Laboratory Research Computing - Systems

Overview

Lawrencium is Berkeley Lab's institutional computational resource for Berkeley Lab PIs and their collaborators. It consists of multiple cluster pools that are each equipped with a high performance, low latency FDR and EDR Infiniband interconnect that is suitable for providing an stable, high performing resource for running wide diversity of scientific applications. Currently, they are all coupled with a Hitatchi HNAS high performance NFS storage server that provides a home directory storage and a Data Direct Networks 1.8PB Lustre parallel filesystem that provides high performance scratch space to users.

Compute Nodes
LR5 is the latest addition to the Lawrencium condo cluster consisting of 144 ea. 28-core Broadwell compute nodes connected with a Mellanox FDR Infiniband fabric.
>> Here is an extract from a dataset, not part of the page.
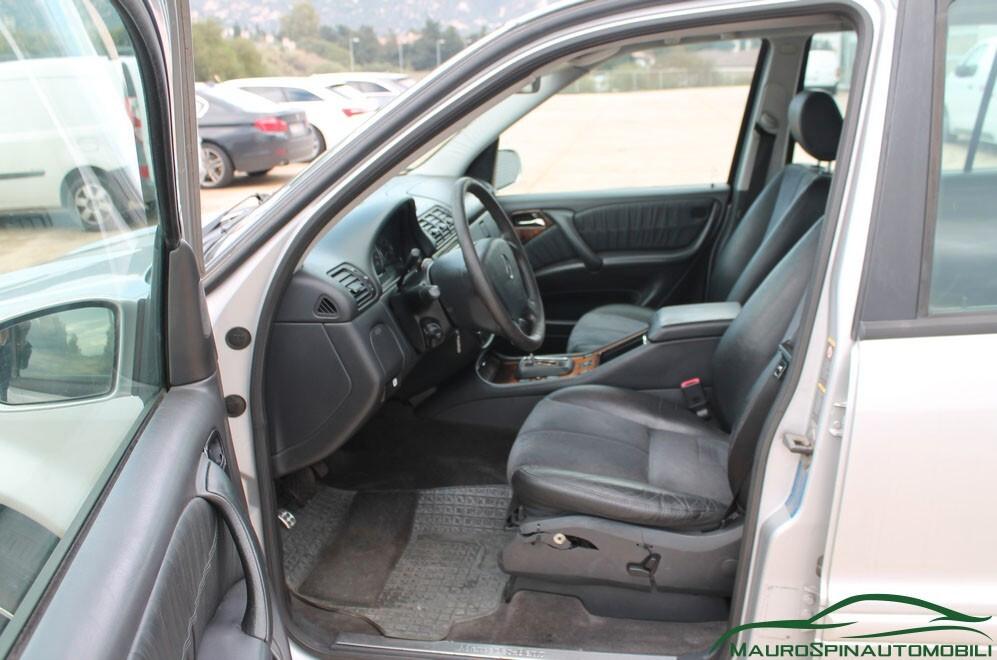 MERCEDES 270 CDI turbodiesel 4X4 GANCIO TRAINO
Each node is a Dell PowerEdge C6320 server blade equipped with two Xeon Intel 14-core Broadwell processors (24 cores in all) on a single board configured as an SMP unit. The core frequency is 2.4GHz and supports 16 floating-point operations per clock period with a peak performance 1,075 GFLOPS/node. Each node contains 64GB 2400Mhz memory.

LR4 consists of 108 ea. 24-core Haswell compute nodes connected with a Mellanox FDR Infiniband fabric. Each node is a Dell PowerEdge C6320 server blade equipped with two Xeon Intel 12-core Haswell processors (24 cores in all) on a single board configured as an SMP unit. The core frequency is 2.3GHz and supports 16 floating-point operations per clock period with a peak performance 883 GFLOPS/node. Each node contains 64GB 2133Mhz memory.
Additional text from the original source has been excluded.